1: Shared obligations: Suppose you have a group of 4 players, each starting with the standard obligation value of 10 for the group size and no additional complications taken. 2 of the players have chosen the same obligation type and have decided (with GM's permission, of course) that they share the same obligation. (Say that both characters, are being collectively blackmailed by an enemy regarding an event/incident that both were involved in.) When creating the obligation check table, would you combine their obligation(s) into a single entry with the values added together, or just list them both separately, one for each character?

2: Also, along similar lines, what if all the players have decided (again, with GM permission) to chose the same starting obligation as a group obligation? (All players were framed for a crime, and seek to clear their names.)

In both of the above examples, how would you handle the Strain Threshold penalty for the players of a shared obligation should it come up? Would you total the players'/group's obligation value and make it a single entry, or list each separately as normal, and whomever's "number" comes up on the roll takes the brunt of the consequences for the session?

3: Additional Obligation: It says that you can increase the value of your starting obligation for either extra starting XP or money. But can you take on a 2nd starting Obligation in this manner?

(i.e.: Same group of 4, you chose for your character's starting Obligation "Betrayal" at the default value of 10. Can you then take on an additional +5 Obligation, but put it into a "Debt" obligation instead of adding it to the value of your "Betrayal"?

1) I'd keep them separate, as what deeply affects one character may not be quite as worrisome for another character, and depending on what the Obligation is, circumstances may show up where one character can reduce their Obligation but the other can't, so keeping them separate allows for this sort of thing

2) Per RAW, you'd track them all separately, even if they're the same type and backstory, such as the example you gave or the PCs all having a substantial debt to the same crime lord.

3) A PC can split their Obligation however they like, thought it's been suggested to avoid taking more than two different Obligations at any given time by Sterling Hershey, who wrote that particular section of the rules. And you can even do this with your starting Obligation, such as taking the default 10 that a group of 4 to 5 PCs begins with and splitting it into Debt 5 and Blackmail 5, and then taking an extra +5 Obligation and either applying it to one of the two in whole or splitting it up, such as having Debt 8 and Blackmail 7 (total Obligation is 15)
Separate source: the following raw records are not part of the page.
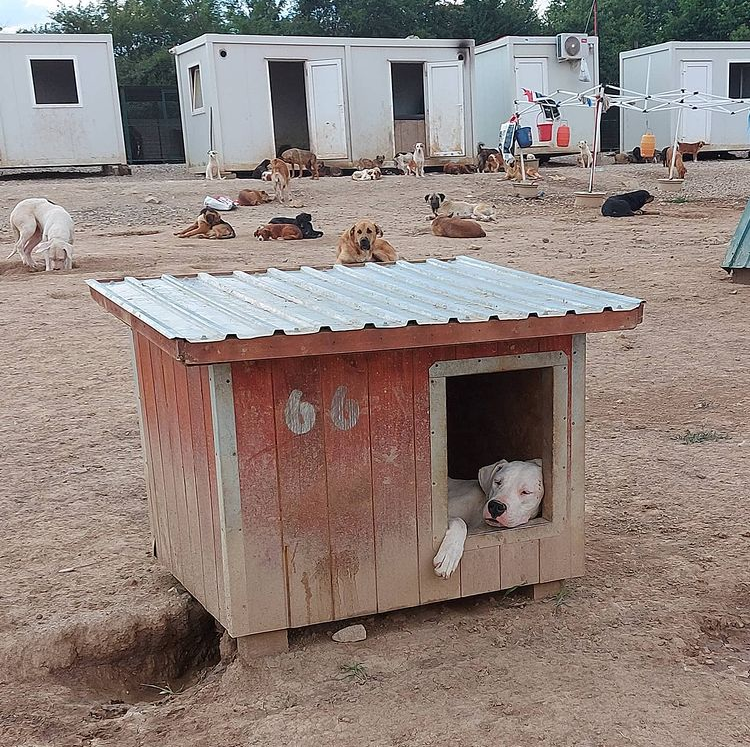 dog sleeping in dog house with several dogs in the background 
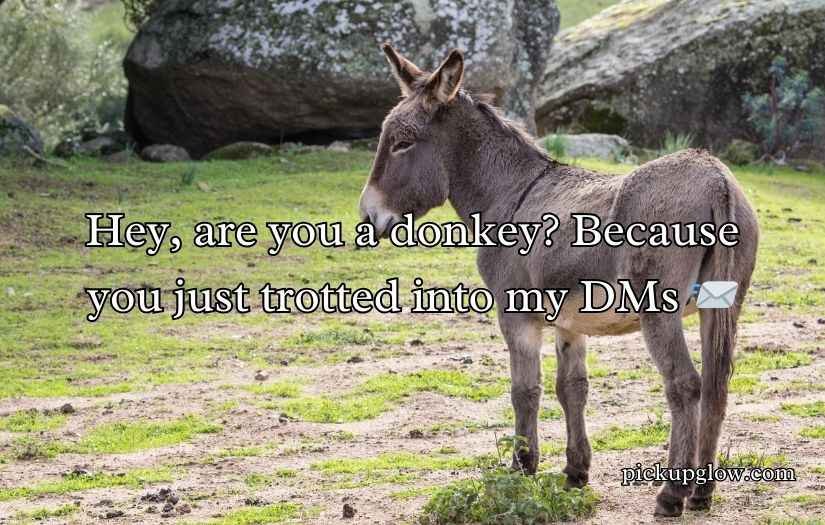 Donkey Pick Up Lines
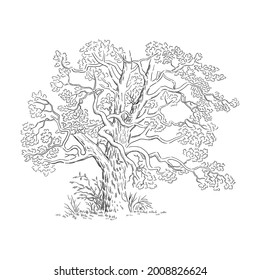 Vector illustration with sketch tree, black and white line art.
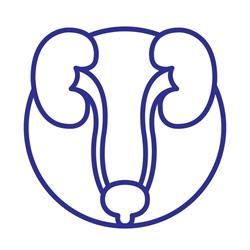 Klinika Urologii i Onkologii Urologicznej PUM w Szczecinie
As for your most recent question, that's a trickier one, and lacks any sort of official answer. Honestly, it's gonna depend on your group. Personally, I'd set the 4th player's Obligation at 10, and might consider reducing the group's total Obligation as well, particularly if they didn't take any extra Obligation, Other GM's have said new guy starts at 10 Obligation, and the prior players are stuck with their 15 points of individual Obligation.

It really only gets tricky if someone in the original group of players took the maximum allowable extra Obligation. If nobody did, then it's clean enough to reduce the base Obligation rank on the rest of the players.

If someone did, does the new guy get the opportunity to take on 15 Obligation, or just the 10?